The result should be every line of the listing that holds the word "Camry".

───── RECORDS TO PROCESS ─────

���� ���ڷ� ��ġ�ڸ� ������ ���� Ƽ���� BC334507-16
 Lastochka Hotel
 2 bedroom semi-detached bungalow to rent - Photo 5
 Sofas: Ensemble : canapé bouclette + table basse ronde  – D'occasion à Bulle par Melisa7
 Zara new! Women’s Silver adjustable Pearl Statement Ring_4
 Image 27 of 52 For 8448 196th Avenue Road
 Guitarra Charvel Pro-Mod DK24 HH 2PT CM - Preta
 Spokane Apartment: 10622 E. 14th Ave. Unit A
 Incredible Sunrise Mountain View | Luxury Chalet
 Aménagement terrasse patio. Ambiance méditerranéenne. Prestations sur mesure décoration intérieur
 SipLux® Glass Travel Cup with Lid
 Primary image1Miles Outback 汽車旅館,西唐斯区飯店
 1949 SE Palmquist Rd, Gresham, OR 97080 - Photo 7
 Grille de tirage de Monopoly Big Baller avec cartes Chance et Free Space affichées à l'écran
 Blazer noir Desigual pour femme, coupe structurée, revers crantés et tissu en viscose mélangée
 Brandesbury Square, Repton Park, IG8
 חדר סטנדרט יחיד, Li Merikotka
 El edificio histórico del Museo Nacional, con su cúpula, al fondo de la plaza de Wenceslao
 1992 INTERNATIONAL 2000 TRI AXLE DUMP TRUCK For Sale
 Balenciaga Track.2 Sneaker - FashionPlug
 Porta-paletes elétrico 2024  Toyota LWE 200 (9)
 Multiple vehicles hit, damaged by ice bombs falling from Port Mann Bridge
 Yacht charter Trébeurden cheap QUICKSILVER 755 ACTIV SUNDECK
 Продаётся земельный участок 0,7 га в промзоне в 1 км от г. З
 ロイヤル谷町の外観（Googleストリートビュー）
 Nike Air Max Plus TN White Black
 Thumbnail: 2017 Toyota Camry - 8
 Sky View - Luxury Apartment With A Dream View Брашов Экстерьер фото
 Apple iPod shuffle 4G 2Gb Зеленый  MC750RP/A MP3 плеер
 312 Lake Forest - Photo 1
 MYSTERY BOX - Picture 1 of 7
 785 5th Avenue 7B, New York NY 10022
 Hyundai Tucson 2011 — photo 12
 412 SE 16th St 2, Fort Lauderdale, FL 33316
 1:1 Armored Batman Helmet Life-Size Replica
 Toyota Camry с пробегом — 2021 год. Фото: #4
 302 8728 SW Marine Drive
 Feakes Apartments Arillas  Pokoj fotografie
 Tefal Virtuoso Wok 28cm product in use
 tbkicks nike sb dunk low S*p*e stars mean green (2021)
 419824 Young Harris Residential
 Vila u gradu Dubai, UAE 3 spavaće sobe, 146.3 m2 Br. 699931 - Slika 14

─────

YOUR SOLUTION:
 Thumbnail: 2017 Toyota Camry - 8
 Toyota Camry с пробегом — 2021 год. Фото: #4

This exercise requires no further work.